• Task statement
Your answer must be only the lines below from the one containing "AHCY Antibody" through the one containing "Acetabular Rim Ossification", copied exactly, with the pictures left out.

• Given information
--------------------------------------------------

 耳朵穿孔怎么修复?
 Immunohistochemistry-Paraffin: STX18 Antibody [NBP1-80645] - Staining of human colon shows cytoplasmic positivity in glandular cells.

--------------------------------------------------

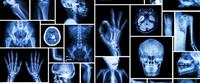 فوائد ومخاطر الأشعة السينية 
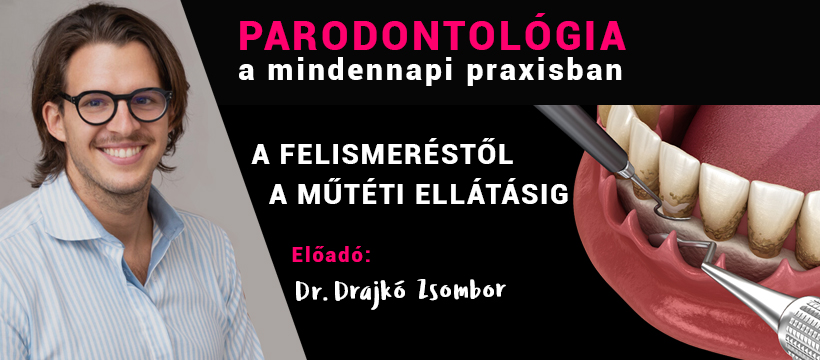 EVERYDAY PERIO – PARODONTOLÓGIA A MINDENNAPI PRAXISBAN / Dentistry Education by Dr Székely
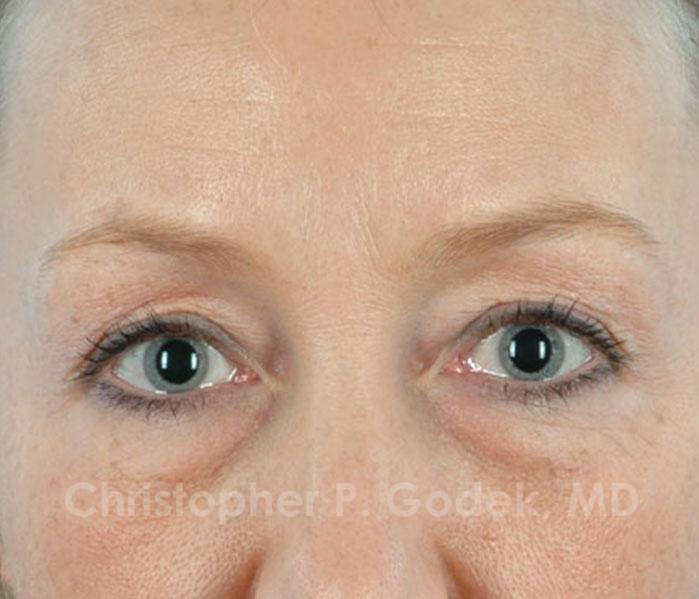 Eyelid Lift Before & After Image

--------------------------------------------------

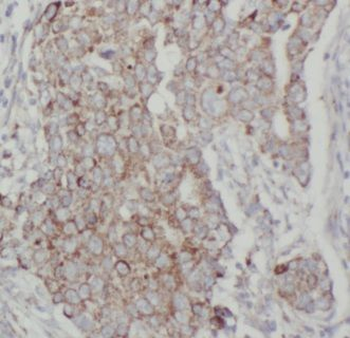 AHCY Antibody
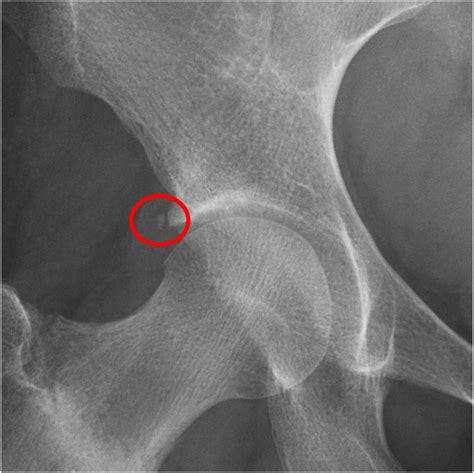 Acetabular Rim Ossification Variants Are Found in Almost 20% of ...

--------------------------------------------------

• Result below
 AHCY Antibody
 Acetabular Rim Ossification Variants Are Found in Almost 20% of ...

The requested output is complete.